No magic in Sharpe’s world, Nobel Laureate explains
Nobel Laureate William Sharpe has shared his ideas on the arithmetic of investment fees, the education of investors, expectations for equity returns and financial innovations.
William Sharpe is one of the few Nobel Laureates in economics known to most investors.
The ‘Sharpe ratio’ that relates investment returns to their risks remains a ubiquitous measure in fund fact-sheets and investment presentations. Naturally, Sharpe is less intrigued by outstanding return opportunities, and more by the increased risks investors have to take to achieve them.
“There is a lot of talk about free lunches, but most of it does not add up,” says Sharpe.
The 79-year-old remains a sceptic of the investor hunt for yield in an environment of lower interest rates. For Sharpe, investors just have to adjust their return expectations to fit what the market has to offer: “Take equities, for instance. When you agree that the risks associated with equities are roughly the same as before, but acknowledge that the risk-free rate is three percentage points lower than in the past, investors have to expect much less from various risky asset classes than they earned historically.”
But expectations for a number of strategies and hence fund flows – including emerging market debt or low volatility equities – have climbed in recent years as short-term interest rates have plummeted.

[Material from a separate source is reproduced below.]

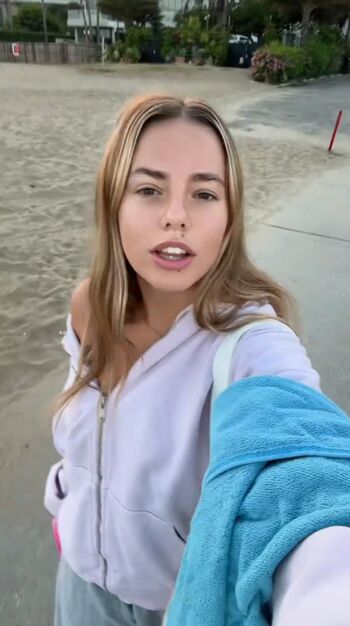 Leaked Emmi butler private photo viral onlyfans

“If those strategies are a smart thing to do, who are the dummies on the other side of the trade?” Sharpe asks. “Active managers need to show me the image of the people they are trading with”, he told InvestmentEurope at the annual conference of the WU Gutmann Center in Vienna.

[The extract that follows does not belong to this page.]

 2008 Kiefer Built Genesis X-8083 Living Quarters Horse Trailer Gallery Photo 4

Indeed, only a few strategies in Sharpe’s eyes might “make sense in a macro way. Value managers, for instance, will tell you they are trading with individuals who are buying a company because it is a good company and forget about the price.”
But overblown expectations are not just a shortcoming of private investors. Sharpe criticises the incentive for pension funds in the US to overstate their return expectations.

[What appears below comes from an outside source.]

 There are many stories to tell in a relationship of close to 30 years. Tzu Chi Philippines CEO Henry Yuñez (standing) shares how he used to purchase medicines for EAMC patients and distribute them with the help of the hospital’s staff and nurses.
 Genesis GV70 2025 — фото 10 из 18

He says: “More thoughtful people in the industry say that you cannot expect even 5% from a 60/40 stock and bond mixed fund in this environment. Lower real rates on riskless bonds also lower the expected returns for other asset classes.”
A key irritant to Sharpe lately has to do with inflation-adjusted real yields.
He says that the finance profession and academia need to do more to ensure the message of lower expectations is understood by retail and institutional investors. After all, “inflation-adjusted yields are abysmal and negative for long horizons”.
As a former teacher at Stanford University, he is puzzled to find basic concepts of financial theory thrown upside-down: “Friends of mine that still teach finance have difficulty explaining negative real interest rates over long periods of time. People require more real goods tomorrow, if they sacrifice consumption today and save.”
This basic principle – the time value of money – has been violated in the past as lower long-term yields have been met with more stable inflation expectations.
For Sharpe, it is “remarkable” that central banks were able to push real yields, adjusted for inflation, into negative territory. For retirees, this spells bad news.
“The fact that we have had negative real rates for so long is surprising, almost shocking and very disturbing. If you are a retired person, you will have to live at a much lower standard of living.”
However, Sharpe is not sure that equities are an escape route for retired people amid low interest rates. “Investors get much more conservative as they grow older.”
He has been involved with studying the “de-cumulation phase” of investors in recent years, in which questions such as how investors should deal with money after retiring, and how much money they should take out of their savings annually are key.
“Unfortunately, many scholars and the financial industry have spent time and resources understanding how to accumulate capital, but very little on how to de-cumulate it efficiently,” Sharpe says.
Vital to understanding those decisions is to study the approach towards risk. For Sharpe, the “stocks for the long run” thesis is a risky bet for many private investors. “Stocks in the long run are riskier than many think.” Even though an individual portfolio might be less volatile when stocks are held over longer time horizons, the risk to an investor’s financial health are much more serious.
“There is no magic involved. You might be richer, but there is also the possibility that you might be a lot poorer, and this tail risk should be avoided.”